The way that rating systems work, your most recent results have a greater influence on your rating than your earlier results. So if your rating was adjusted after each game in a tournament, then the games in later rounds would affect your final rating more than the games in the earlier rounds. Most of the time this wouldn't make much sense, as a tournament usually takes place over a fairly short period of time. It makes more sense to adjust the rating just once, after the tournament has finished, with all games counting equally.


Several reasons. First of all, it's necessary to assign some sort of rating to any unrated players in the event, so that their opponent's rating can be calculated properly. So a quick "pre-calculation" of the performance rating of the unrateds gives us an approximation we can use to calculate their effect on their opponents' ratings. That can't be done well without a tournament's worth of games. So if the chess servers aren't making modifications to everyone's rating in every previous round as well as the current one, they're doing it wrong, and are getting bad results (GIGO). And, once you start doing that, you upset the pairings that were made based on those ratings.

Also, not every tournament can spare the time to calculate ratings and re-order the entire tournament table every round. (You do realize that the rating order of players affects every round's pairing, right?) Quite often there's already a scramble between rounds to get everything ready to go for the next without doubling the work. (Yes, I've organized and run tournaments, how could you tell?)

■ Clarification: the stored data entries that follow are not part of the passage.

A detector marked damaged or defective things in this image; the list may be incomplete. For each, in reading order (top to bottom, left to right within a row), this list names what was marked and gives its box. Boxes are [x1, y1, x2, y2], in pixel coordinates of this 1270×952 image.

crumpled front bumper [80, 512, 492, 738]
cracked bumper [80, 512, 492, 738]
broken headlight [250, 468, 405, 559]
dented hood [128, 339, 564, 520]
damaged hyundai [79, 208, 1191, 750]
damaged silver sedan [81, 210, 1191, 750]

And no tournament software exists to do that outside of the chess servers. None of the packages TDs normally used can do that. (And the chess server software isn't approved for use in an OTB tournament, AFAIK.)

The only reasonable way around those are round-robin pairings, but they are not an option for large events.

There's lots of new and interesting ways to apply technology to events, but remember, once you require a certain level of technology, you lock out everyone who doesn't have it (or doesn't have the money or inclination to get it). There's still some players who refuse to play in events with a delay clock -- "30 minutes should MEAN 30 minutes, not some unknowable/incalculable time between 30 and 40 minutes!"

I've worked with folks who could set up the last round of a 100-player swiss using index cards in mere (as in 5 or less) minutes. Forcing folks like that to buy a computer and software just to run an event would never fly.

And that, in the final analysis is why it's not done that way. We can have time controls with and without delay, and let the people select the events they participate in. But every player participates in the rating system, so we can't have some events rated one way while others, played under identical conditions, get rated a different way. I guarantee hard feelings will result.


I think the major reason is historical - it was easier to calculate in the pre-computer era. All you need to do is, for each player, compute rating average of the opponents and look up one value from a table. Also, making a miscalculation, you only need to re-compute the rating of one player, while in the other model one mistake could affect the whole thing.


Beyond the other good reasons given, if ratings were indeed to be adjusted during the course of a tournament, it's tougher for players to estimate the impact of tie-breakers, which depend upon ratings, and to plan strategically. Tournaments might be be perceived as more of a "lottery".